[Opening DATA SEGMENT section]
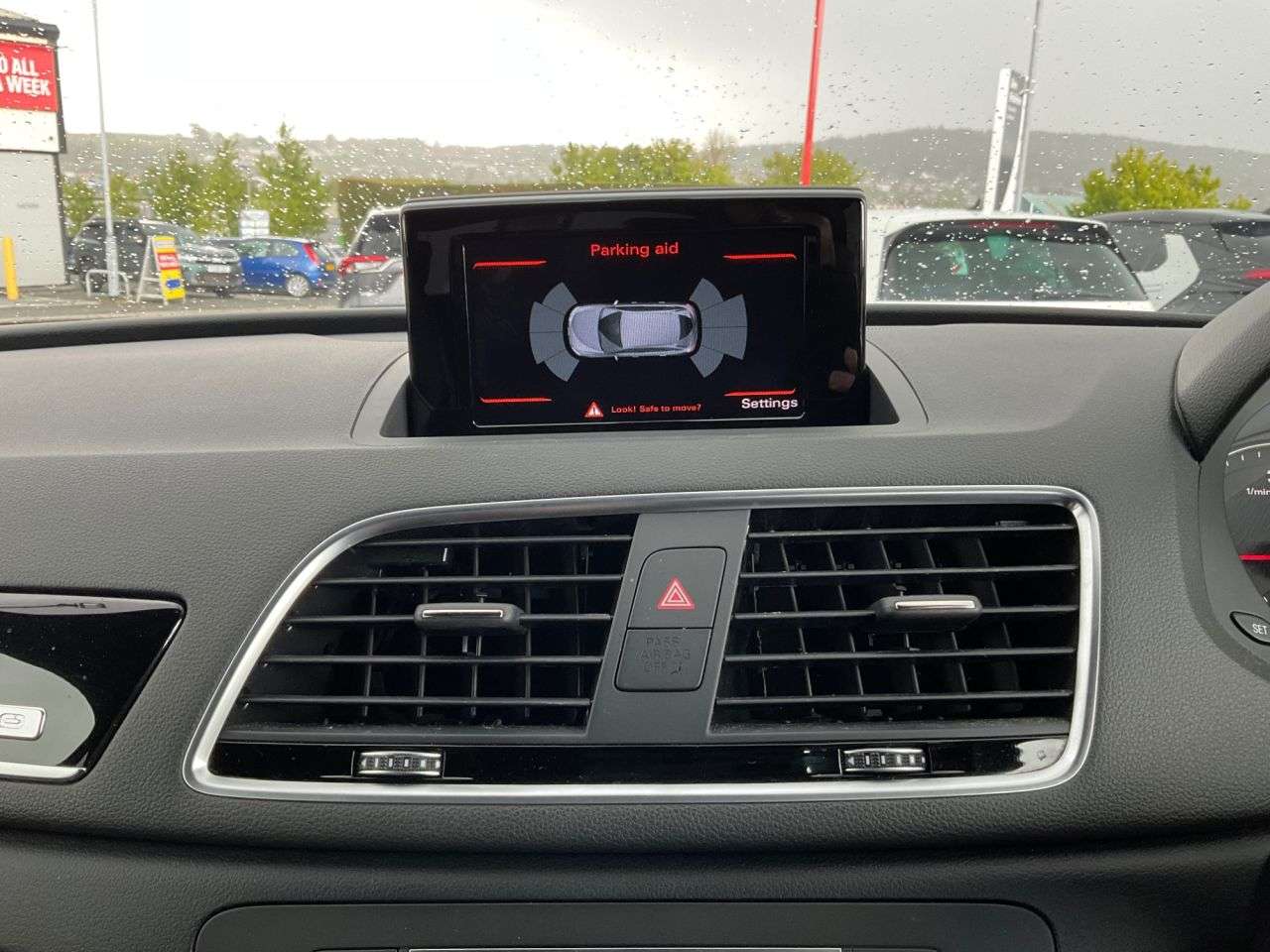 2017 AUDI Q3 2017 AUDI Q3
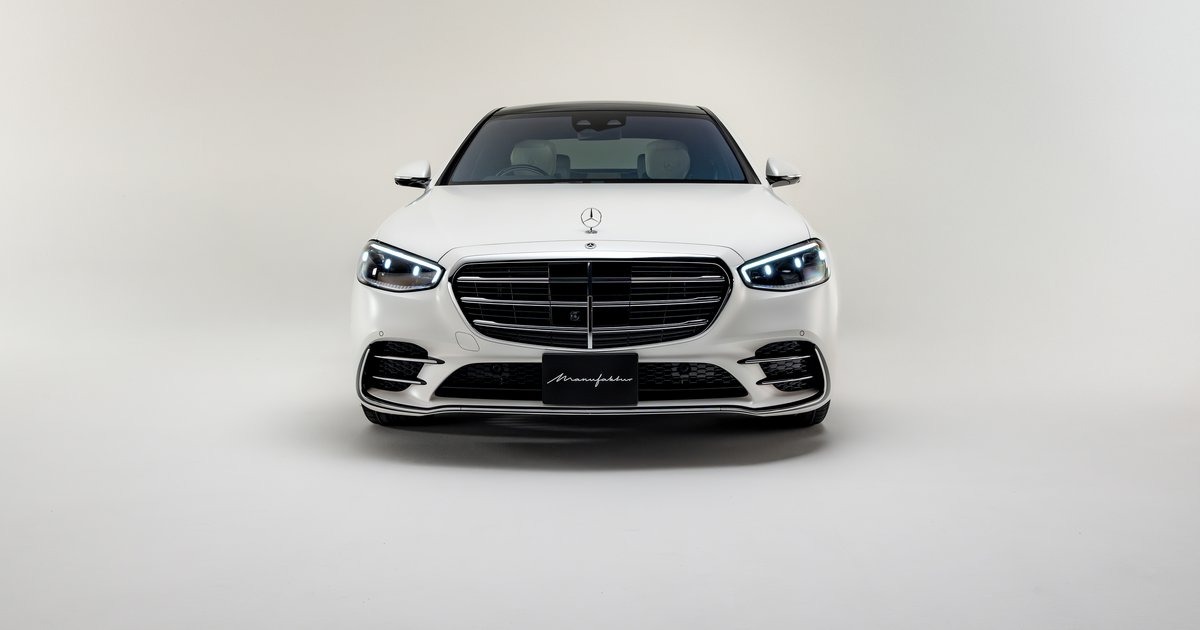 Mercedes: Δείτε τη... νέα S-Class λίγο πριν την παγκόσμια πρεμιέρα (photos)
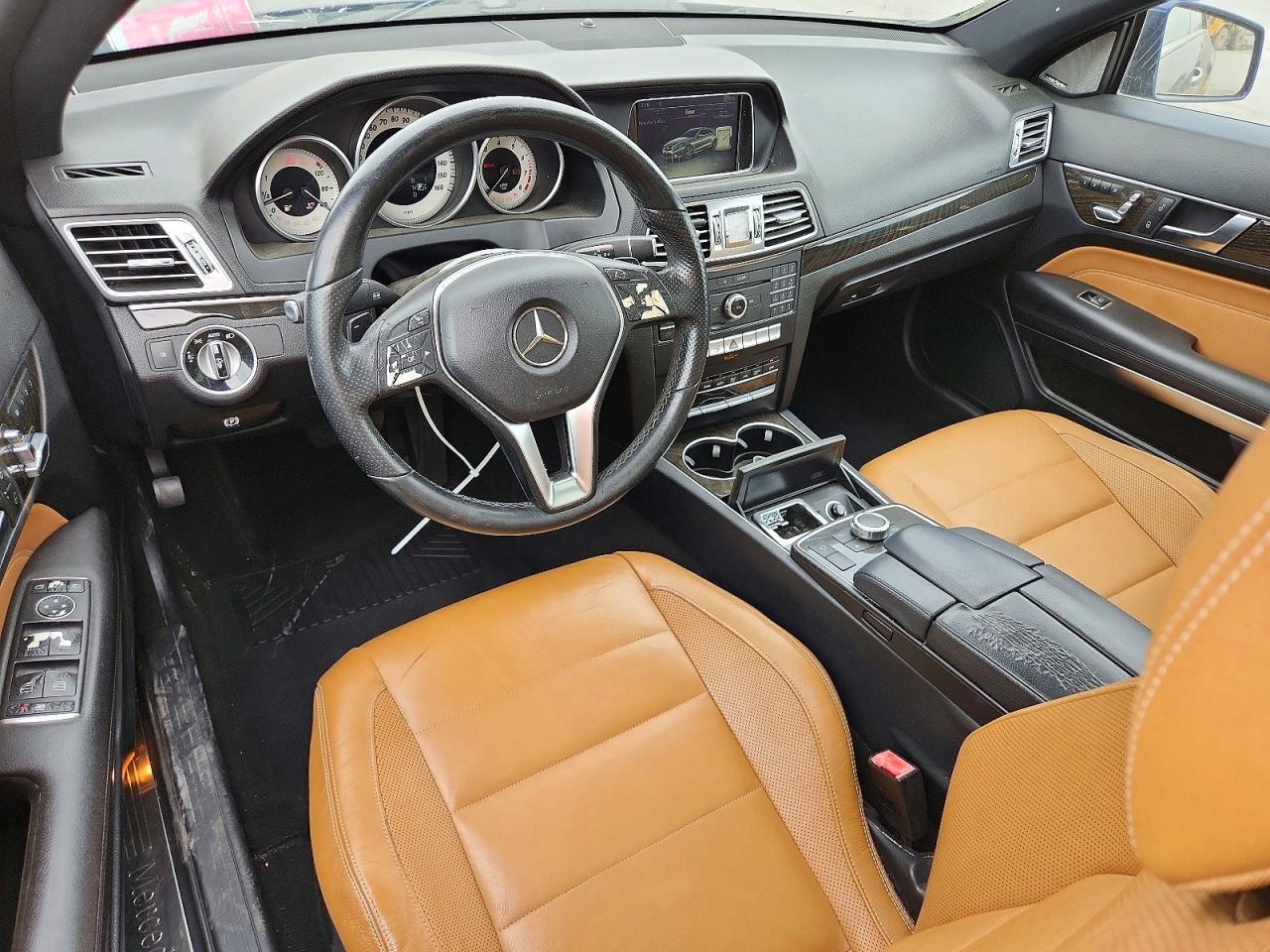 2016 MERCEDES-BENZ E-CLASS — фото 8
[Closing DATA SEGMENT section]
An exact transcript is required, covering the lines from the one containing "Mercedes: Δείτε τη..." through the end of the listing above, inclusive, without pictures.

§ WRITTEN SOLUTION:
 Mercedes: Δείτε τη... νέα S-Class λίγο πριν την παγκόσμια πρεμιέρα (photos)
 2016 MERCEDES-BENZ E-CLASS — фото 8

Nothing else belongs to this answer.